= Task requirements =
Through the line with "Apart from that, we" and starting from the first line, return the records below word for word, with pictures left out.

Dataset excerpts
=== Section Start ===

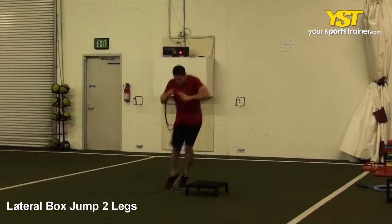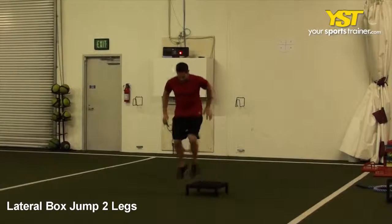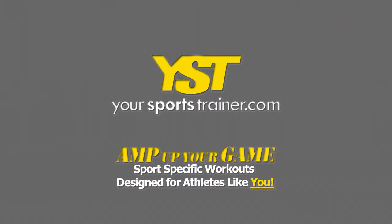This video clip shows how to do the lateral box jump two legs exercise. Get into an athletic position standing on the side of the box. Swinging your arms, jump on top of the box, immediately jump back down, and repeat the jump. This is a yoursportstrainer.com production.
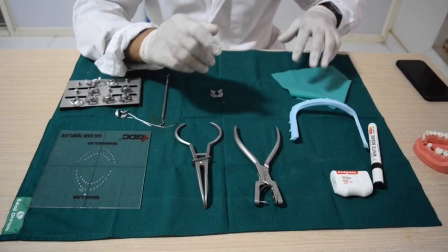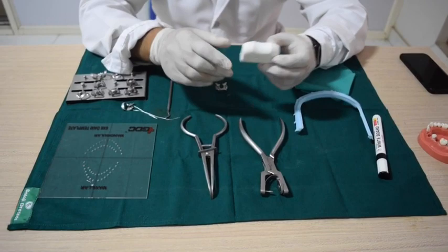Apart from that, we would require dental floss for securing the clamp and for passing the floss between the interdental contact.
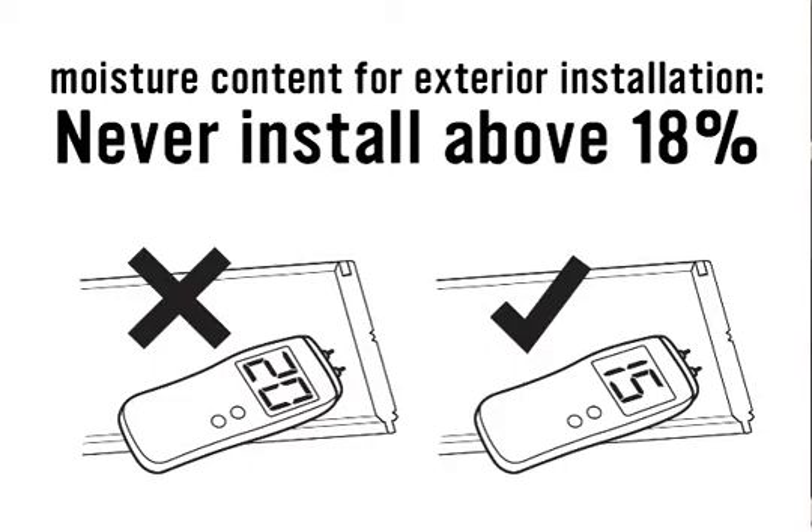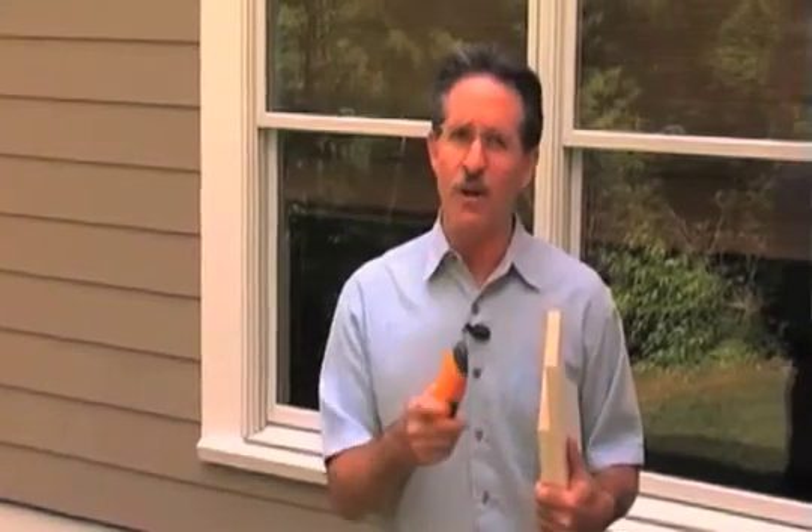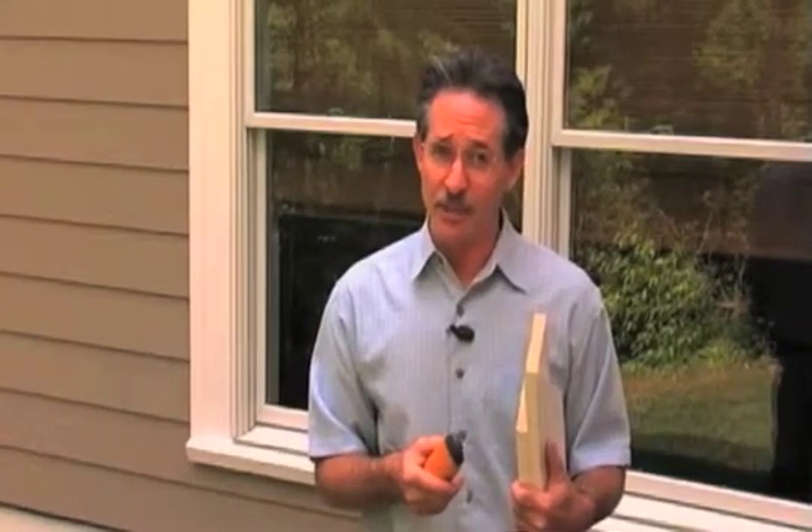Windsor Mill recommends that you never install material for exterior use if the moisture content is above 18 percent. Personally, I'd err on the safer side of 15 percent for exterior trim and 12 percent for interior trim if you want to protect your joinery, your reputation, and the craftsmanship on your jobs.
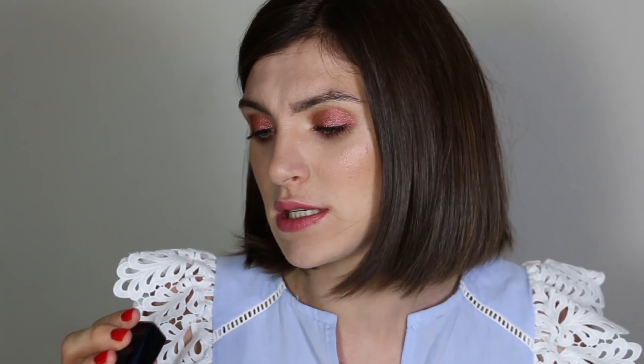On my cheeks I wanted something more bronze because it's summer, so I played with my Laura Mercier bronze powder. On top of that bronzer I applied the Winter Bloom blush — it looks a little cool on camera, but on my cheeks it really brings the bronze effect I want for a summer face.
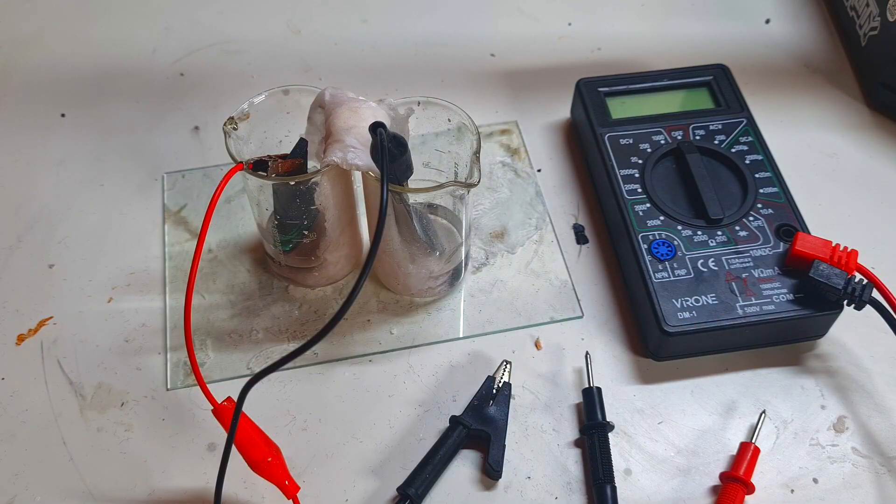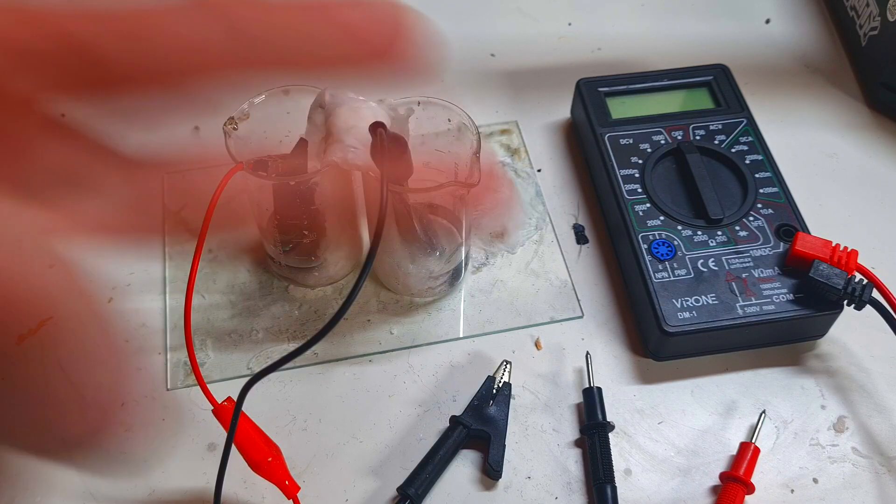A little bit more information about this zinc-manganese battery you will find on my Patreon or in the members area. But for now, that's it — see you in the next video, bye.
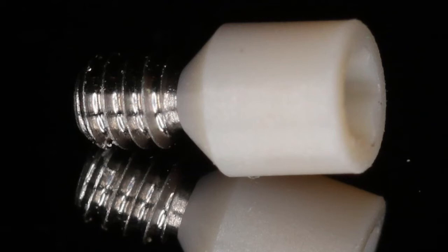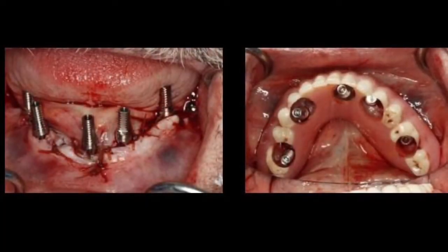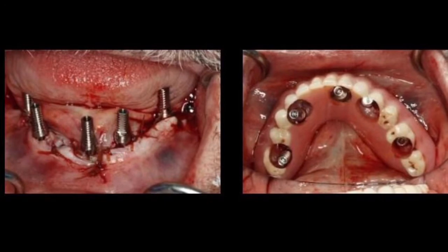This is the story of the separable fastener and how it came to be. It all started because I hated doing this to my denture — destroying a beautiful denture. But you had to do it because the temporary cylinders were so tall and you had to create those huge holes just to get access to them.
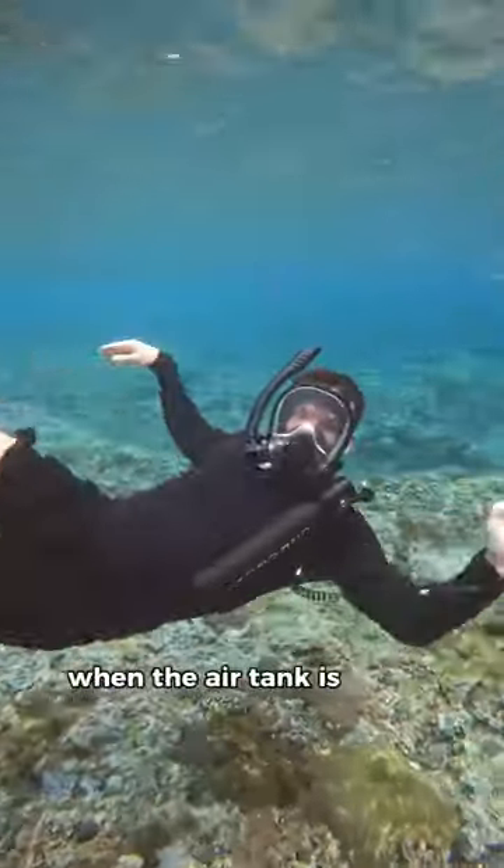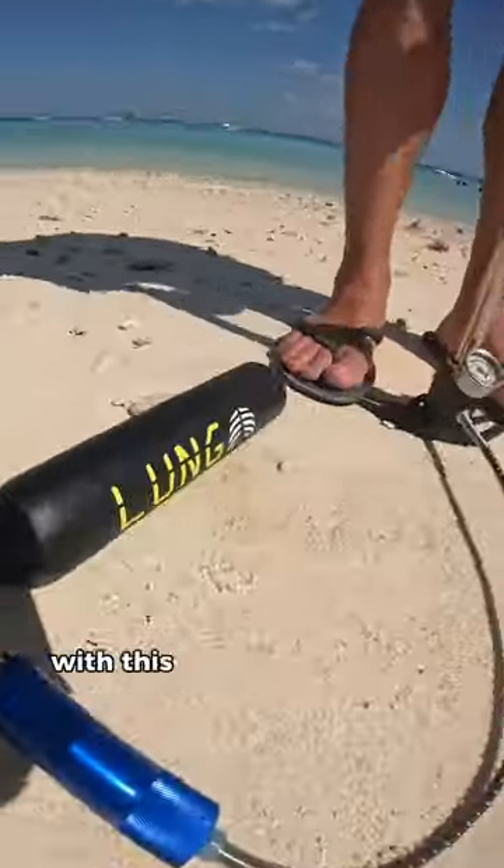But check this out, when the air tank is empty you can refill it yourself wherever you are with this filtered hand pump.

=== Section End ===

= Your response =
This video clip shows how to do the lateral box jump two legs exercise. Get into an athletic position standing on the side of the box. Swinging your arms, jump on top of the box, immediately jump back down, and repeat the jump. This is a yoursportstrainer.com production.
Apart from that, we would require dental floss for securing the clamp and for passing the floss between the interdental contact.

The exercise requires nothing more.